## EXERCISE MATERIAL
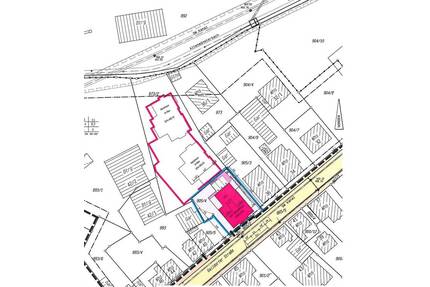 Attraktives Grundstück. Bebauung mit Wohnungen und Gewerbe. - Crailsheim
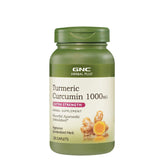 GNC Herbal Plus Turmeric Curcumin 1000mg bottle label close-up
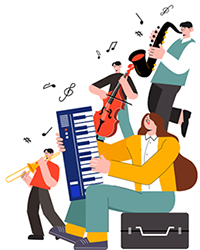 문화공연 일러스트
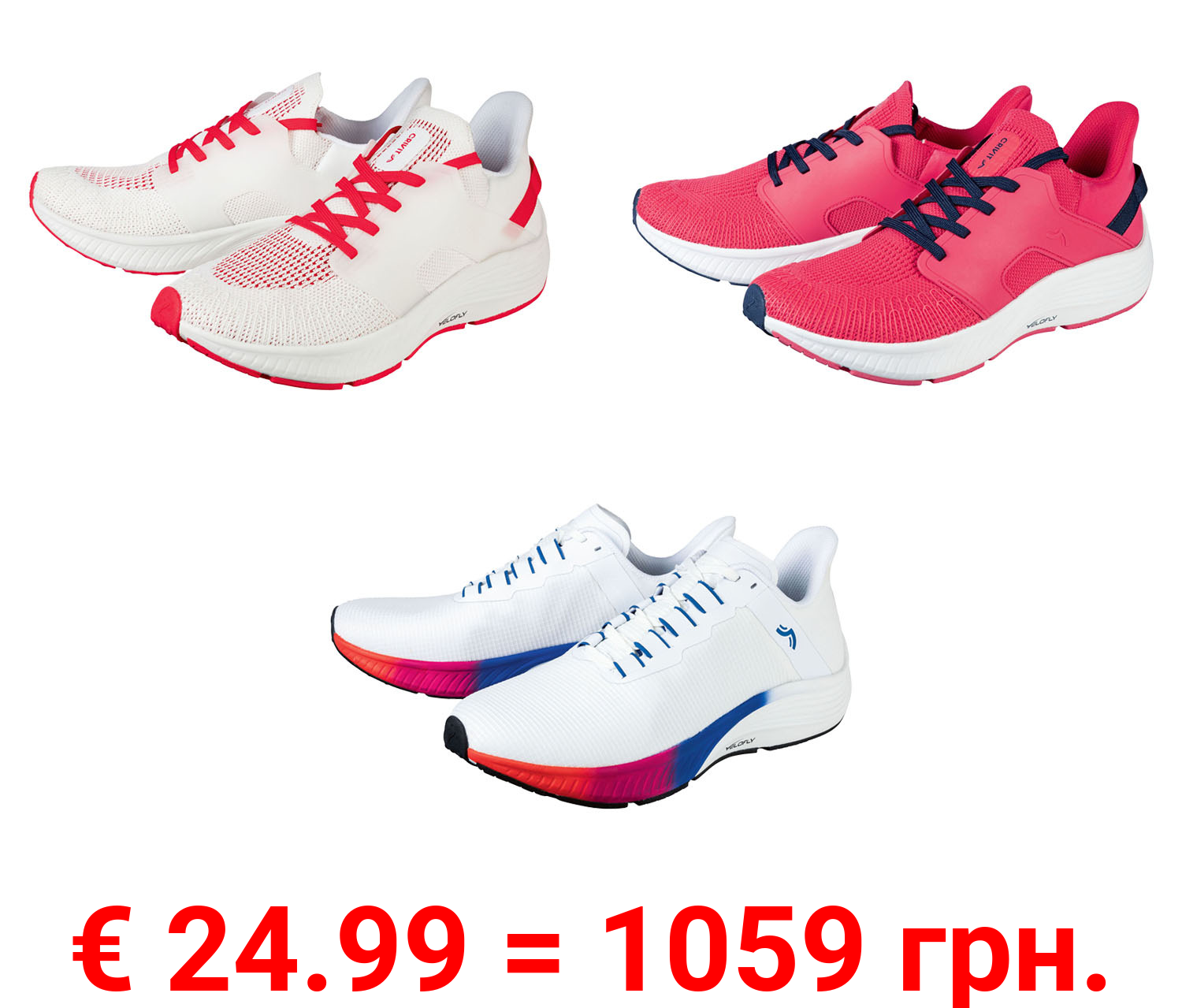 CRIVIT Damen Laufschuhe »Velofly«, mit integrierter 3D-Ferse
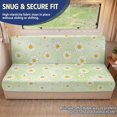 thumbnail image 2 of Xixirimido Daisy Flower Green Print RV Couch Cover 2 PCS Camper Couch Cover for Jackknife Sofa Bed High Stretch Fabric, Anti-Slip Elastic, Machine Washable, Pet & Stain Protection, 2 of 7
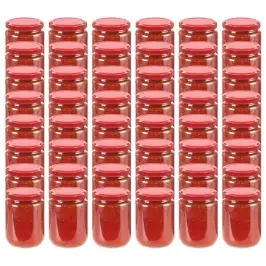 Ievārījuma Burciņas, Sarkani Vāciņi, 48 Gab., 230 Ml Vidaxl Ievārījuma Burciņas, Sarkani Vāciņi, 48 Gab., 230 Ml Vidaxl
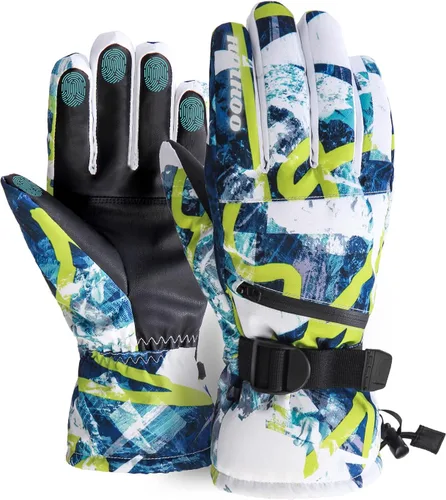 HOIHOO Ski Gloves, Waterproof Snow Gloves -30 Winter Gloves for Cold Weather Touchscreen Snowboard Gloves Warm for Men Women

## WHAT TO WORK ON
Repeat the listing in full and to the letter, excluding every image.

## EXERCISE SOLUTION
 Attraktives Grundstück. Bebauung mit Wohnungen und Gewerbe. - Crailsheim
 GNC Herbal Plus Turmeric Curcumin 1000mg bottle label close-up
 문화공연 일러스트
 CRIVIT Damen Laufschuhe »Velofly«, mit integrierter 3D-Ferse
 thumbnail image 2 of Xixirimido Daisy Flower Green Print RV Couch Cover 2 PCS Camper Couch Cover for Jackknife Sofa Bed High Stretch Fabric, Anti-Slip Elastic, Machine Washable, Pet & Stain Protection, 2 of 7
 Ievārījuma Burciņas, Sarkani Vāciņi, 48 Gab., 230 Ml Vidaxl Ievārījuma Burciņas, Sarkani Vāciņi, 48 Gab., 230 Ml Vidaxl
 HOIHOO Ski Gloves, Waterproof Snow Gloves -30 Winter Gloves for Cold Weather Touchscreen Snowboard Gloves Warm for Men Women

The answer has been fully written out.